| What you have to do |
In the entries below, find the line with "Котята сиамские 2 месяца" and the line with "Property building in". Repeat exactly everything between them, those two lines included, but not the pictures.

| The input |
════
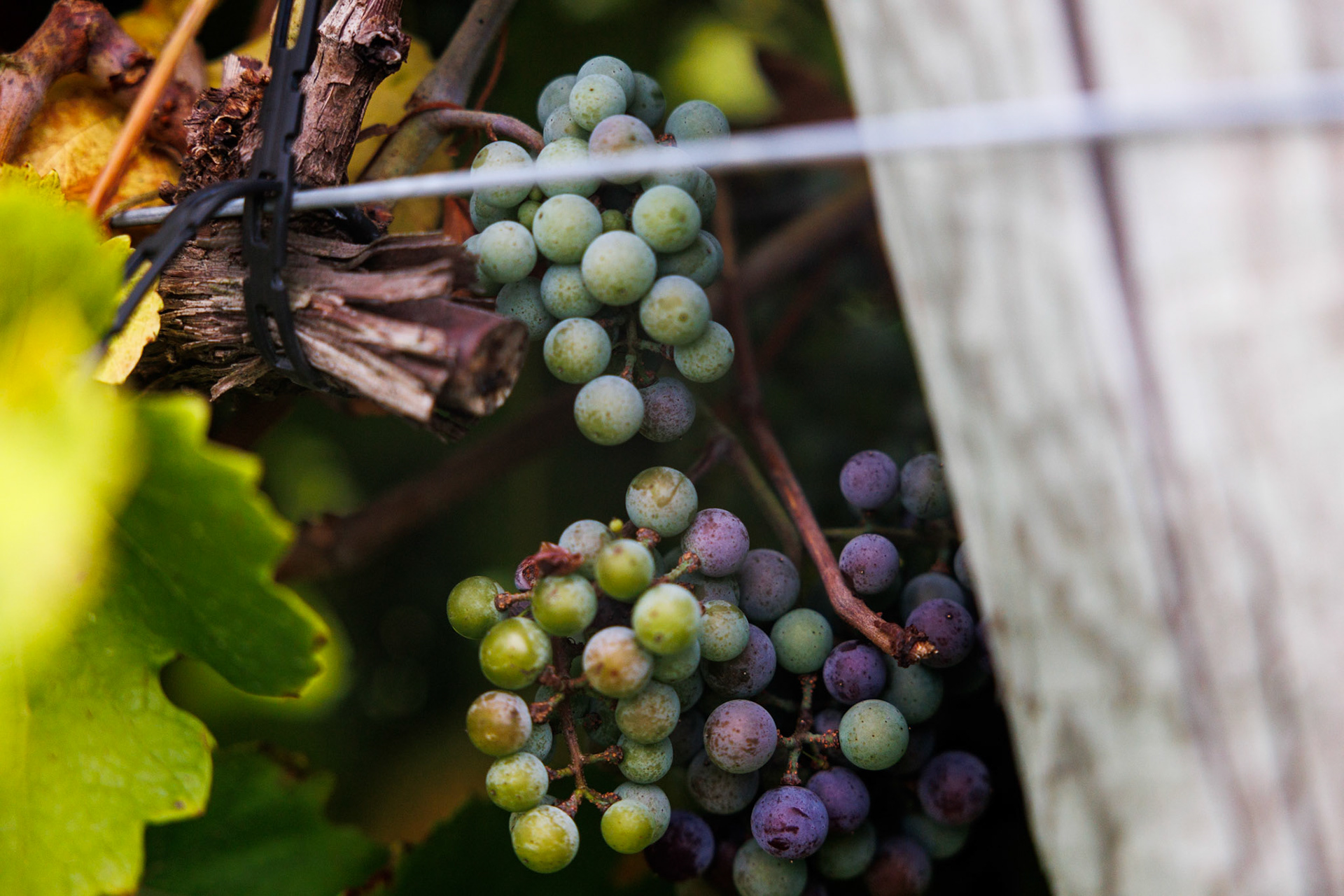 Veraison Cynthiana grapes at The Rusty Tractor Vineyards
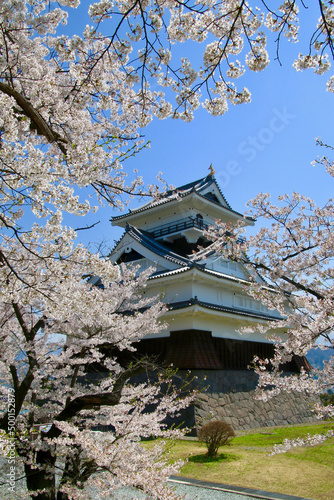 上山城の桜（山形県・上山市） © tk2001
════
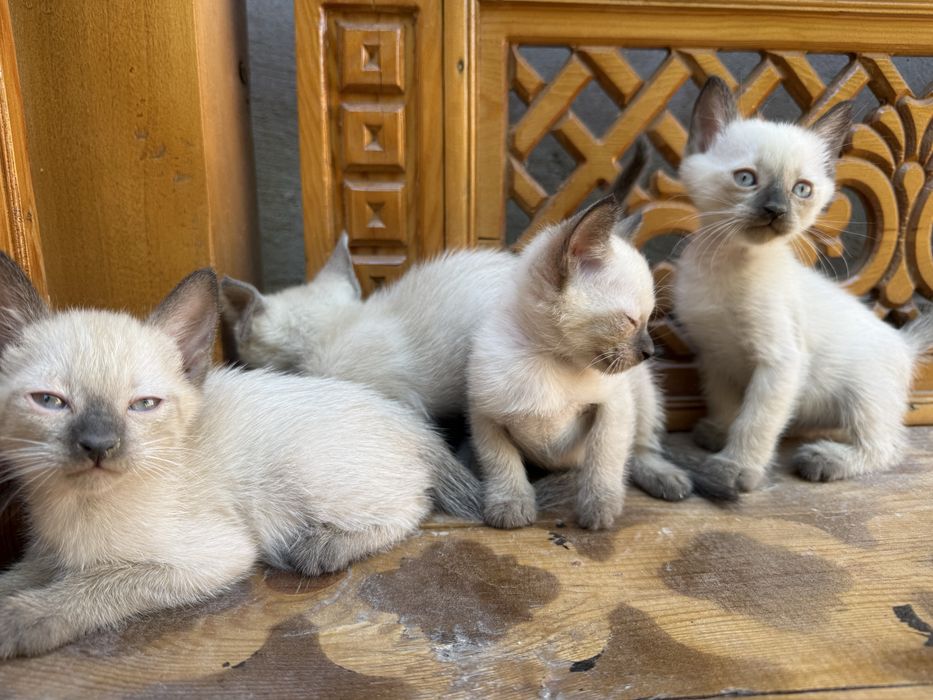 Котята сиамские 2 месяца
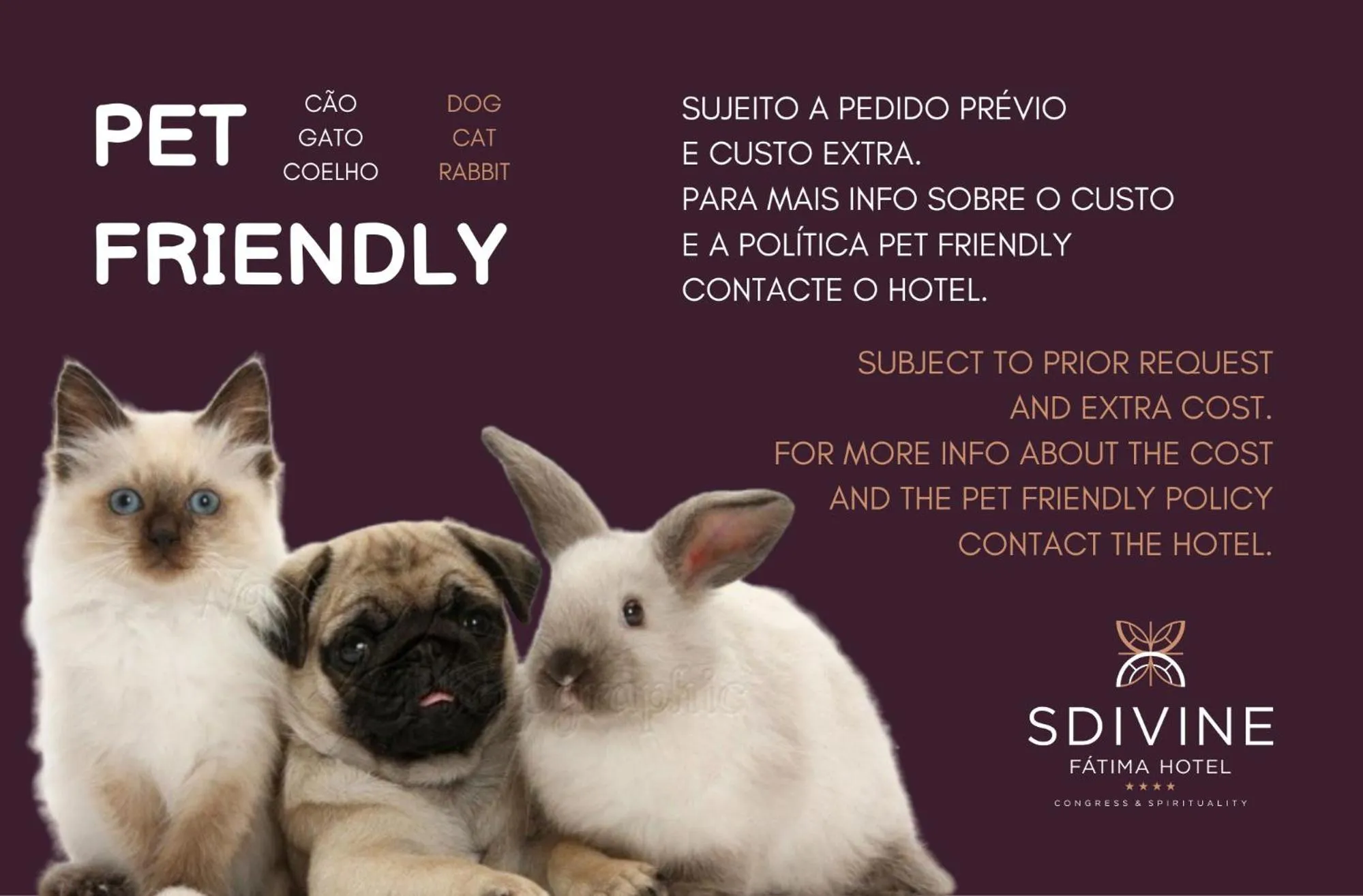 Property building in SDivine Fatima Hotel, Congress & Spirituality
════
| Response to the task |
 Котята сиамские 2 месяца
 Property building in SDivine Fatima Hotel, Congress & Spirituality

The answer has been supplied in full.